#### DATASET ENTRIES ####

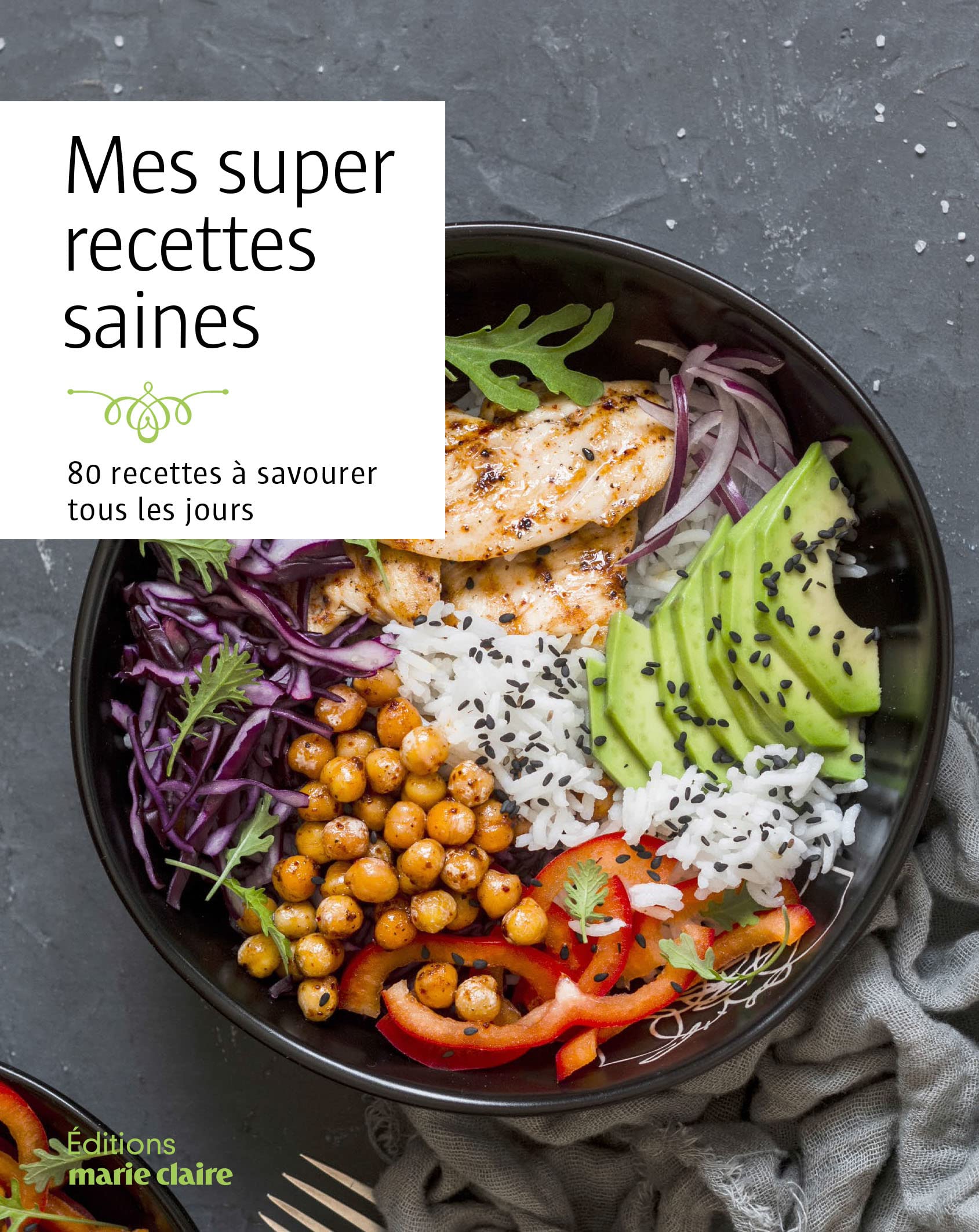Repas sains: 80 recettes bien-être Leisure, Home & Garden
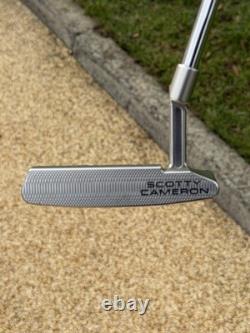 Scotty Cameron 2024 Squareback 2 Long Design Golf Club Mens Right Handed Putter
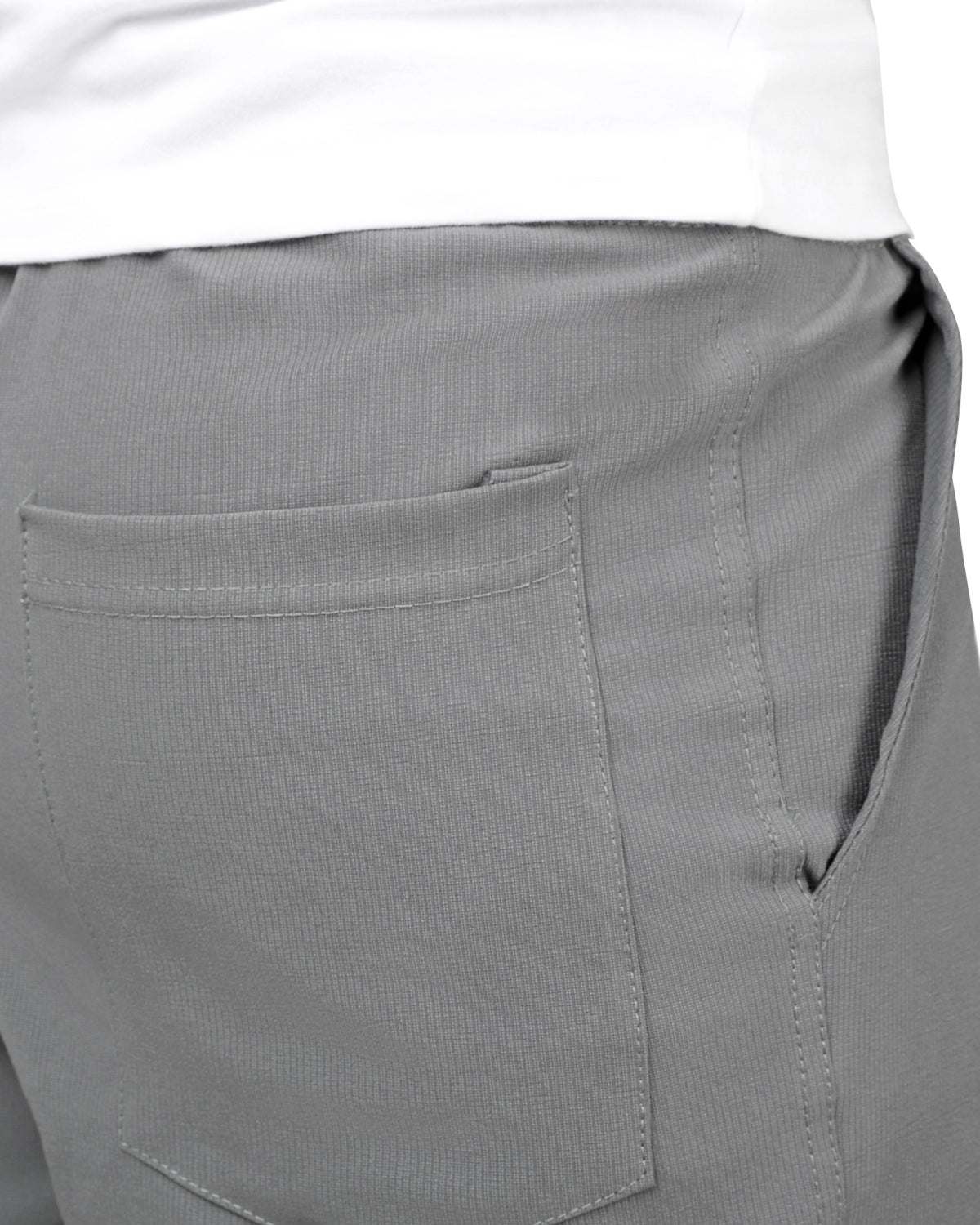 Soft Printed Rubber Pants (Up to 80 kg) gray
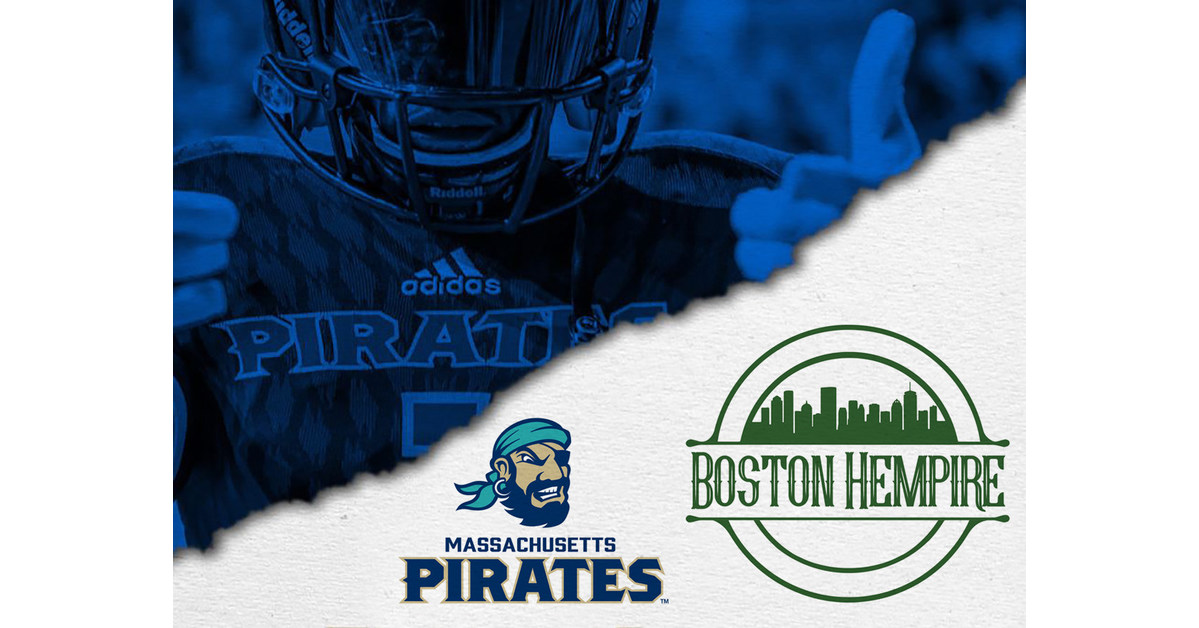 Boston Hempire Signs Big Deal with IFL's Mass Pirates for 2021 Season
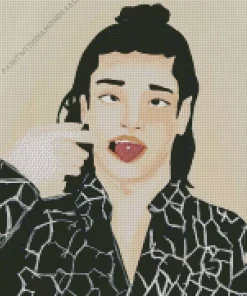 Suguru Niragi Alice In Borderland Art Diamond Painting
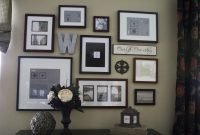 picture frame wall collage ideas — collaborate decors : wall collage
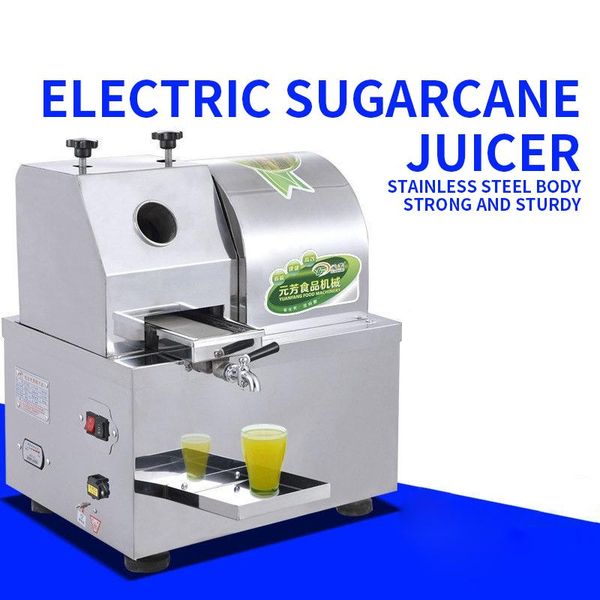 camp kitchen yf-t80 commercial sugarcane juicer automatic deskelectric stainless steel stall
camp kitchen yf-t80 commercial sugarcane juicer automatic deskelectric stainless steel stall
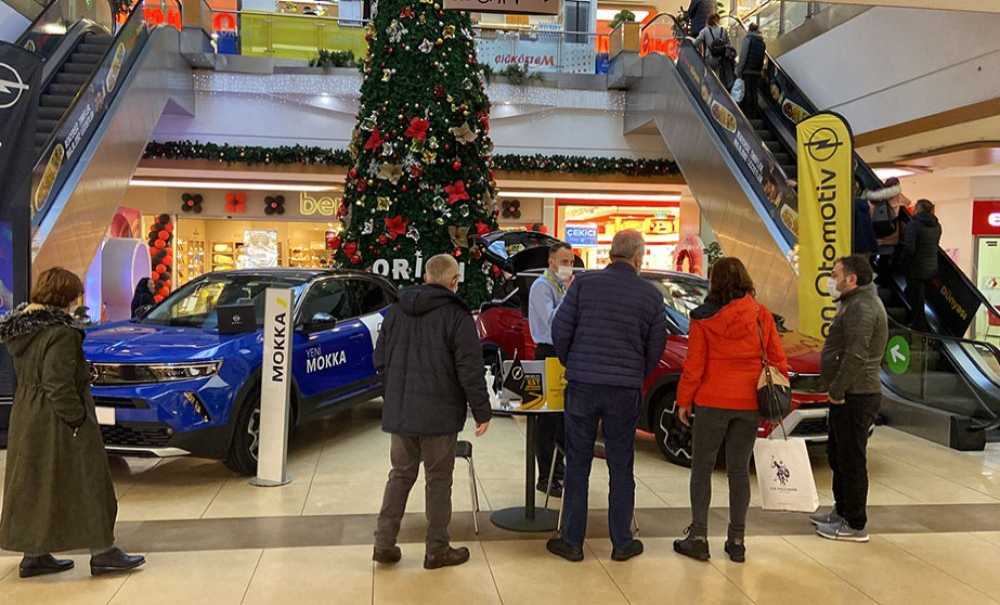 Opel İnan Mokka Ve Crossland'ı Tanıttı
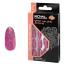 Royal 24 Glue-On Nails - Glitter Me Pink Almond (6pcs) (NNAI421) (£1.37/each) Royal.F/9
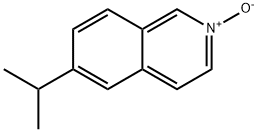6-isopropylisoquinoline 2-oxide Struktur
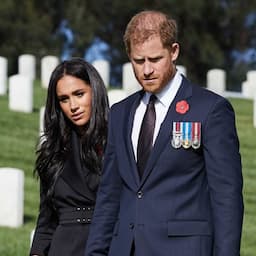 Prince Harry & Meghan Markle Celebrate Remembrance Day in the US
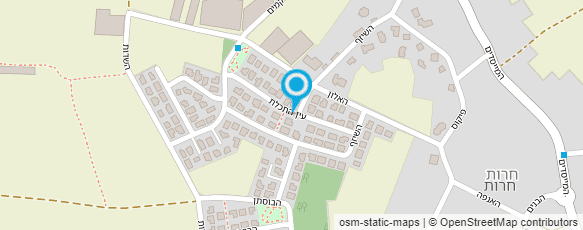 מפת הגעה אל גלעדי קפלן ד''ר נחל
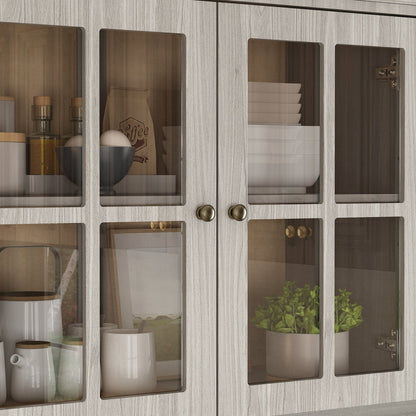 Buffet de rangement avec tiroirs pour cuisine ou salon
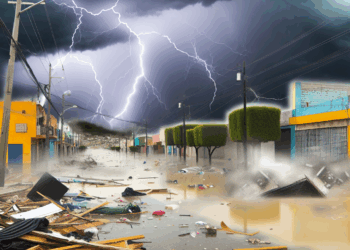 ¿Caos climático? Estos sistemas meteorológicos combinados afectarán México para el clima de hoy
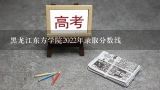 黑龙江东方学院2022年录取分数线,黑龙江东方学院分数线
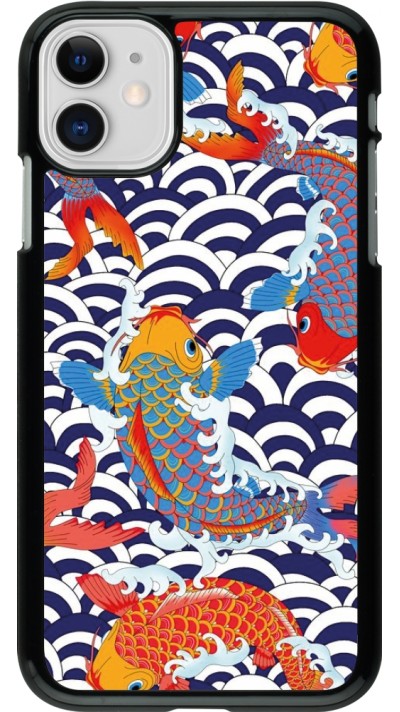 Coque iPhone 11 - Easter 2023 japanese fish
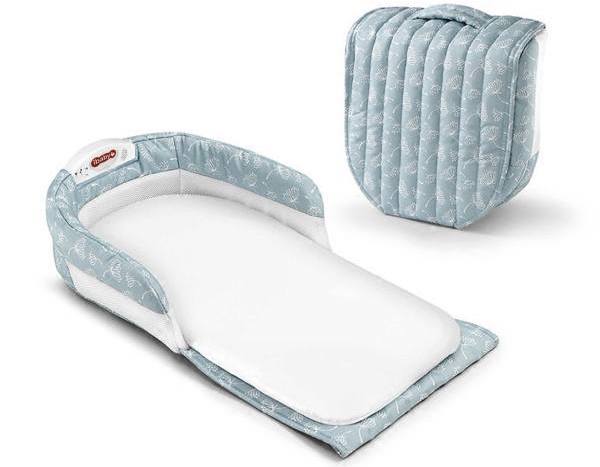 تخت سفری موزیکال نوزاد مدل Separated Bed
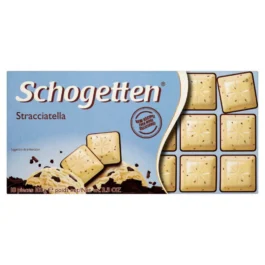 Czekolada Stracciatella  100g Schogetten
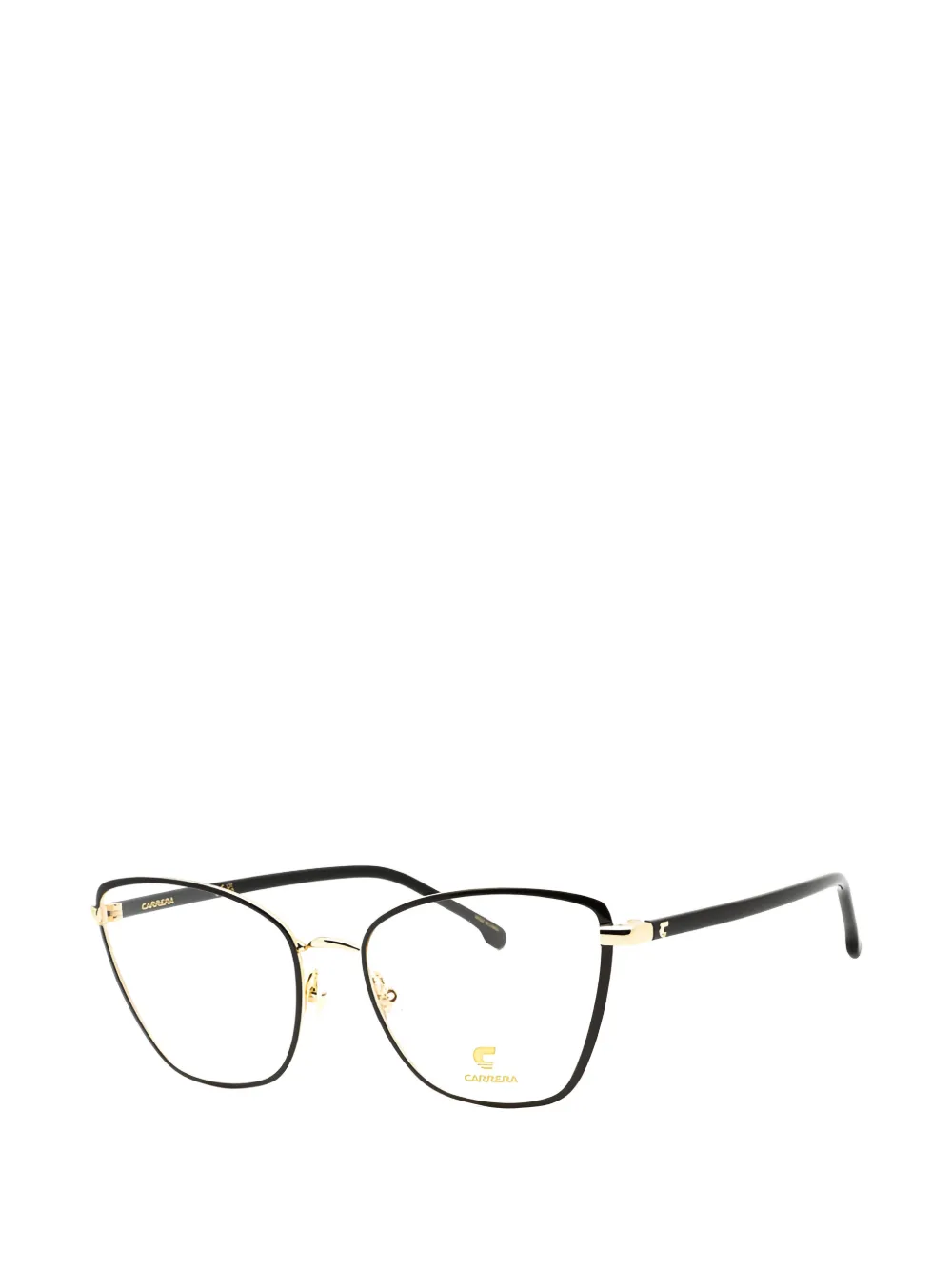 Carrera cat-eye frame glasses Zwart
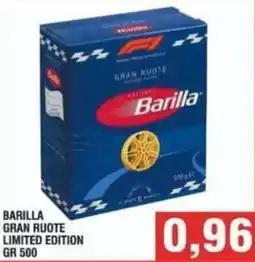 Bitar Barilla Gran Ruote Limited Edition offerta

####

**YOUR ASSIGNMENT**
Pictures are to be omitted; otherwise, write out the data exactly as it appears.

**ANSWER TO THE PROBLEM**
Repas sains: 80 recettes bien-être Leisure, Home & Garden
 Scotty Cameron 2024 Squareback 2 Long Design Golf Club Mens Right Handed Putter
 Soft Printed Rubber Pants (Up to 80 kg) gray
 Boston Hempire Signs Big Deal with IFL's Mass Pirates for 2021 Season
 Suguru Niragi Alice In Borderland Art Diamond Painting
 picture frame wall collage ideas — collaborate decors : wall collage
 camp kitchen yf-t80 commercial sugarcane juicer automatic deskelectric stainless steel stall
camp kitchen yf-t80 commercial sugarcane juicer automatic deskelectric stainless steel stall
 Opel İnan Mokka Ve Crossland'ı Tanıttı
 Royal 24 Glue-On Nails - Glitter Me Pink Almond (6pcs) (NNAI421) (£1.37/each) Royal.F/9
6-isopropylisoquinoline 2-oxide Struktur
 Prince Harry & Meghan Markle Celebrate Remembrance Day in the US
 מפת הגעה אל גלעדי קפלן ד''ר נחל
 Buffet de rangement avec tiroirs pour cuisine ou salon
 ¿Caos climático? Estos sistemas meteorológicos combinados afectarán México para el clima de hoy
 黑龙江东方学院2022年录取分数线,黑龙江东方学院分数线
 Coque iPhone 11 - Easter 2023 japanese fish
 تخت سفری موزیکال نوزاد مدل Separated Bed
 Czekolada Stracciatella  100g Schogetten
 Carrera cat-eye frame glasses Zwart
 Bitar Barilla Gran Ruote Limited Edition offerta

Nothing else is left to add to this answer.